Ensemble Methods: Gradient Boosting (GBDT)

Gradient Boosting builds an additive model in a forward stage-wise fashion. It trains subsequent decision trees on the residuals of the previous trees, ultimately summing their outputs for the final prediction.

from sklearn.ensemble import GradientBoostingClassifier

gb_model = GradientBoostingClassifier()
gb_model.fit(X_train, y_train)
gb_predictions = gb_model.predict(X_test)
gb_accuracy = gb_model.score(X_test, y_test)
print(f"Accuracy: {gb_accuracy:.2%}")
plot_decision_boundaries(gb_model, X_train_df, y_train_series)

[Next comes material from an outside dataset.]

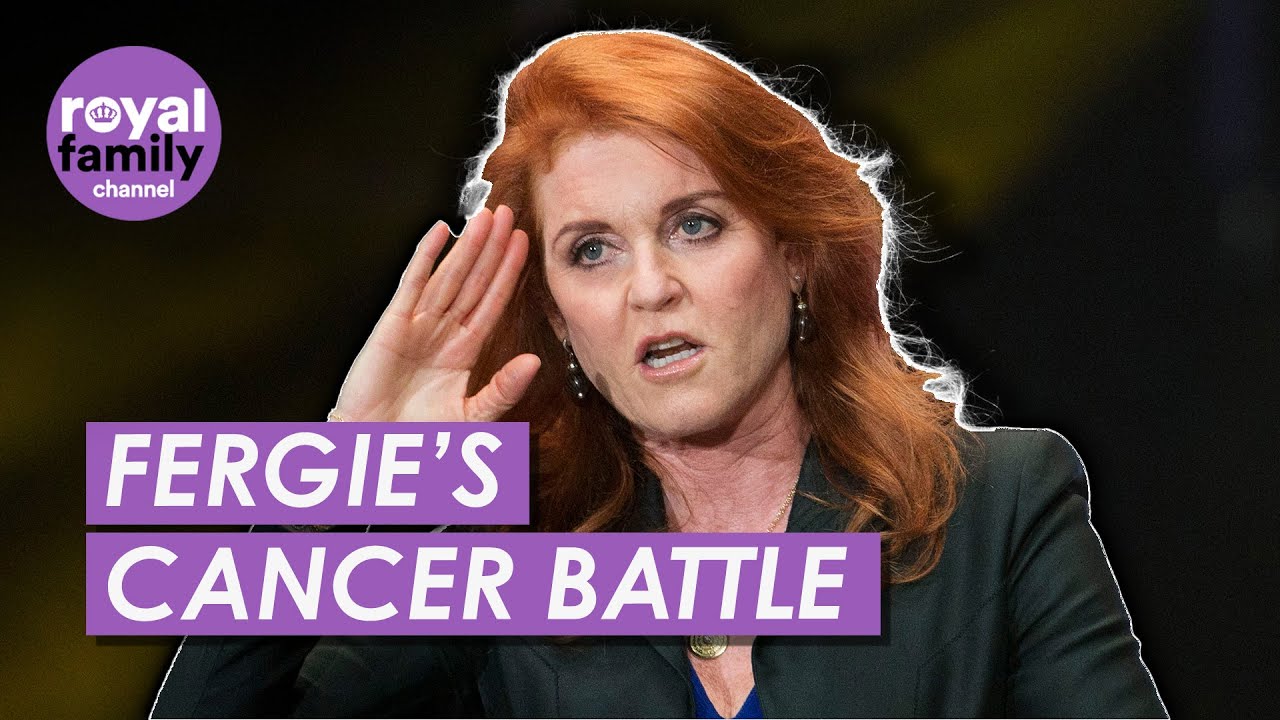 The Duchess of York Diagnosed With ‘Aggressive’ Form of Skin Cancer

Advanced Boosting Frameworks

• XGBoost: Improves upon traditional GBDT by utilizing a second-order Taylor expansion of the loss function, leading to faster convergence and better accuracy.
• LightGBM: A highly efficient gradient boosting framework optimized for speed and lower memory usage through histogram-based decision tree learning.
• Stacking: A model fusion technique where multiple base models are trained, and a second-level meta-learner is trained on their combined predictions to produce the final output.